▸ TASK TO COMPLETE: Extract every line from the records below that contains the word "Hybrid".
(Beginning of DATA RECORDS)
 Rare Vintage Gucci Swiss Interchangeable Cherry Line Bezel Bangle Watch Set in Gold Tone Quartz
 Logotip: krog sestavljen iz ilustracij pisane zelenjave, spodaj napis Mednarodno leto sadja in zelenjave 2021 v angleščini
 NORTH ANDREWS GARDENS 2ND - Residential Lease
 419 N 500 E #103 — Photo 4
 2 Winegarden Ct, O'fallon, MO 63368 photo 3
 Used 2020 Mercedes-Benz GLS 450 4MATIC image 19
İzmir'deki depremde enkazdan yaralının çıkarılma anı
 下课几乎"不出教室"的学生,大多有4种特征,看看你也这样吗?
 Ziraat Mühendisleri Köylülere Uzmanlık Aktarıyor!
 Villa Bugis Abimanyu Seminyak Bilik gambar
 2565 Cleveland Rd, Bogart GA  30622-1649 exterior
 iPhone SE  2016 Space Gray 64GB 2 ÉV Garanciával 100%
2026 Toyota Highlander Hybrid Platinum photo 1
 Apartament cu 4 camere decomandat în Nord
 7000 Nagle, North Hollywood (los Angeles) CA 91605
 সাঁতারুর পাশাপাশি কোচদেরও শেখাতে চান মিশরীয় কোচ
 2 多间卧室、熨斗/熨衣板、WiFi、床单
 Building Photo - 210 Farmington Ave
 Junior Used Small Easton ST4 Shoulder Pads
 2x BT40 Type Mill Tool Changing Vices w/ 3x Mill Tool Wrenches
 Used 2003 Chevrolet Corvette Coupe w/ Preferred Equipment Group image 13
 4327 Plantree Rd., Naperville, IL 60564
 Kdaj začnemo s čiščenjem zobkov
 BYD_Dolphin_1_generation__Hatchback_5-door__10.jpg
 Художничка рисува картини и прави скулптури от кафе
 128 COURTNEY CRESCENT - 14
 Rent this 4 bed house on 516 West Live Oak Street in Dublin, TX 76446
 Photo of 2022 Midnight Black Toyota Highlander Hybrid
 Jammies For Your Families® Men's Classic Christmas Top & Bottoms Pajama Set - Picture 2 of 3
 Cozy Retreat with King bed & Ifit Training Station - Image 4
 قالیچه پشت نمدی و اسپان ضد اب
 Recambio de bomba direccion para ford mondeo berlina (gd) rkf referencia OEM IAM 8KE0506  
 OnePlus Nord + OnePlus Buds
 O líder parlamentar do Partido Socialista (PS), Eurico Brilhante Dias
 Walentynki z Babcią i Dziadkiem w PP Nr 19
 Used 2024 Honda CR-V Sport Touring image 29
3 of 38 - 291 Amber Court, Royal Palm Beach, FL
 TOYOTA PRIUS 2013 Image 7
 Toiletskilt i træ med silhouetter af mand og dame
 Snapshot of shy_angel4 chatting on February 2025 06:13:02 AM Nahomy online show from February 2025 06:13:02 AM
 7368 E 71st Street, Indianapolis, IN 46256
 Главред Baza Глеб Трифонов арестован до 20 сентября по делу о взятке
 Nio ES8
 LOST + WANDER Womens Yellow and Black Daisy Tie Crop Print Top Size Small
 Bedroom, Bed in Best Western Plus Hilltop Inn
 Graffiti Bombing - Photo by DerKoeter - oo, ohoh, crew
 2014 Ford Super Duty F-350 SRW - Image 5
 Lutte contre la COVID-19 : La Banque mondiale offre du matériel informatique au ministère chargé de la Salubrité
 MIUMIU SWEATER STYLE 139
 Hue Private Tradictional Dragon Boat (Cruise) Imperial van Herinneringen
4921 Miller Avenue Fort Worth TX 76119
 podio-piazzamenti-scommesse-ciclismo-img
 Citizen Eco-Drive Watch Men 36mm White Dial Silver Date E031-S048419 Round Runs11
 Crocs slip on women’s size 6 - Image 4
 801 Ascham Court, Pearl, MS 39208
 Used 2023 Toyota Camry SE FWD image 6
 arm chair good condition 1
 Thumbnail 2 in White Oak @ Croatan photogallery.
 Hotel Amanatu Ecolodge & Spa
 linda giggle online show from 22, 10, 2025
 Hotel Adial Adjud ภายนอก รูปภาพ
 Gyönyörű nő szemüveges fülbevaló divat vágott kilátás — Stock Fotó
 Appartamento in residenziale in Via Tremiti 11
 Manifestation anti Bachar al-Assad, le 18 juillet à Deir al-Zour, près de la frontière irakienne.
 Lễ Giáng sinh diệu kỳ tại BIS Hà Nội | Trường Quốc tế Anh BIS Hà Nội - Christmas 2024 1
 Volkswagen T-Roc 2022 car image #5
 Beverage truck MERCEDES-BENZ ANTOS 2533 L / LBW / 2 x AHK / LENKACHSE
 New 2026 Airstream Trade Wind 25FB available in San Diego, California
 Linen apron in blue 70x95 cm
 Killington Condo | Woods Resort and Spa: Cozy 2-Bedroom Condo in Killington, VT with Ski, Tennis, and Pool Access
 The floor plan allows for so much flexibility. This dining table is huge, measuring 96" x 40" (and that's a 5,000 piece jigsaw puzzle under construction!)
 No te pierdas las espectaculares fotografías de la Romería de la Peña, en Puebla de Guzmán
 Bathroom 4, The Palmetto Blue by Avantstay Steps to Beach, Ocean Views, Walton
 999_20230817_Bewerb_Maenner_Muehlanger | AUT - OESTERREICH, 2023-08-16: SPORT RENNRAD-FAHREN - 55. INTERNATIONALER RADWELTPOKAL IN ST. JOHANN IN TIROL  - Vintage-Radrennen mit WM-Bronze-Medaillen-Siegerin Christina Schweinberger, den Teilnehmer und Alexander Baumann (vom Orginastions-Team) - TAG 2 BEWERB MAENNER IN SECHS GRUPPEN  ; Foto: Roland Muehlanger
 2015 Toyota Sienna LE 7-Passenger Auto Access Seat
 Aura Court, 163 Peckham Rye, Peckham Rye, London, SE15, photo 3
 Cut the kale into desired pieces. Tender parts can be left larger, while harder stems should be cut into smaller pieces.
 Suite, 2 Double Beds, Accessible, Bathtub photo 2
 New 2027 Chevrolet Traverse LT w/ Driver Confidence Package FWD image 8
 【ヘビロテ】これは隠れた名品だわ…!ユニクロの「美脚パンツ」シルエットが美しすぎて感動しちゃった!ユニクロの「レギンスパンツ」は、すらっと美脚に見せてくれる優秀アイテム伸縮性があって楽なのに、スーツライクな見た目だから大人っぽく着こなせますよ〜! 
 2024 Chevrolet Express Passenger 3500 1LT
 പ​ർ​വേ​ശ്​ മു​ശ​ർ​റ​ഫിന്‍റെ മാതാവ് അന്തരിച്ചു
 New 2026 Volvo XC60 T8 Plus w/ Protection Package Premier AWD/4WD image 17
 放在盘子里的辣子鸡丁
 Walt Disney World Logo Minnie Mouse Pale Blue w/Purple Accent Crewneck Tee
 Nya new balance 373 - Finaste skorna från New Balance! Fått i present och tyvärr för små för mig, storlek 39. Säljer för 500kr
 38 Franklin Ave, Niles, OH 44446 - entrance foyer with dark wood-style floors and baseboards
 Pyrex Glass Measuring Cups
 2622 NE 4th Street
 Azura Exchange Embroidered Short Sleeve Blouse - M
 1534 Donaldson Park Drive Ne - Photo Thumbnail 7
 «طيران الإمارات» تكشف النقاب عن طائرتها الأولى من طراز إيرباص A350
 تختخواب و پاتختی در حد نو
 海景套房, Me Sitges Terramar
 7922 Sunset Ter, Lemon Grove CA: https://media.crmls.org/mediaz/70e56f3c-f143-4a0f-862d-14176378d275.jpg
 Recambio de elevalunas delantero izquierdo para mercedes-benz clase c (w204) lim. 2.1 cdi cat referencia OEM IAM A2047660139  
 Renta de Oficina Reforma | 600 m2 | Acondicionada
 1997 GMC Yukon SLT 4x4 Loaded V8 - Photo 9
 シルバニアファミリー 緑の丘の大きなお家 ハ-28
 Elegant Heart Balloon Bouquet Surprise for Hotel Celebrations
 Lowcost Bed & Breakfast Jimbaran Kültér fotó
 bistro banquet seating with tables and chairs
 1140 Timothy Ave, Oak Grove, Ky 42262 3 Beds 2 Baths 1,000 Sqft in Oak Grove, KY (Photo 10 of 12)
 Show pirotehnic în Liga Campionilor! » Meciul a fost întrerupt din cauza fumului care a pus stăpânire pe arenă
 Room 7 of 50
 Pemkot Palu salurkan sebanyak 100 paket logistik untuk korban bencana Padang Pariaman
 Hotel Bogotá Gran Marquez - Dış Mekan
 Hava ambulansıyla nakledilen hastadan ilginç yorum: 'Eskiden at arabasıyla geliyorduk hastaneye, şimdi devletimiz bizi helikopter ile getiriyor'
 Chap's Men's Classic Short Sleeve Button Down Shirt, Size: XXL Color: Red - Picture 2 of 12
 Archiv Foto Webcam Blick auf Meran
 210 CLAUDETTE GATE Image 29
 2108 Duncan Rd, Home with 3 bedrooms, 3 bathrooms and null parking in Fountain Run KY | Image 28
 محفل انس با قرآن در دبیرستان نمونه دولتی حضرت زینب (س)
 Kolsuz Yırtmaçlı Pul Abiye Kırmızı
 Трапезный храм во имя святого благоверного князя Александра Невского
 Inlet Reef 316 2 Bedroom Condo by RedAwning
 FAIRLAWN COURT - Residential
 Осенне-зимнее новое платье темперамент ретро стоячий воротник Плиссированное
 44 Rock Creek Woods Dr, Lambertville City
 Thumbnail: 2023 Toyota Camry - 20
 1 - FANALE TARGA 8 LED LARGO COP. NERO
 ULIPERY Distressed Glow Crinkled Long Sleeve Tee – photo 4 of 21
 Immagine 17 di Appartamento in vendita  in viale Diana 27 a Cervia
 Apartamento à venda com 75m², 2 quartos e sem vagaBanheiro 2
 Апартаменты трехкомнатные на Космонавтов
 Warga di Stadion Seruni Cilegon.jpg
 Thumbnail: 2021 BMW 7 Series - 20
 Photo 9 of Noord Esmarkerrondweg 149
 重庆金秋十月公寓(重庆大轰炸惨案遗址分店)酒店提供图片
(End of DATA RECORDS)
▸ OUTPUT:
2026 Toyota Highlander Hybrid Platinum photo 1
 Photo of 2022 Midnight Black Toyota Highlander Hybrid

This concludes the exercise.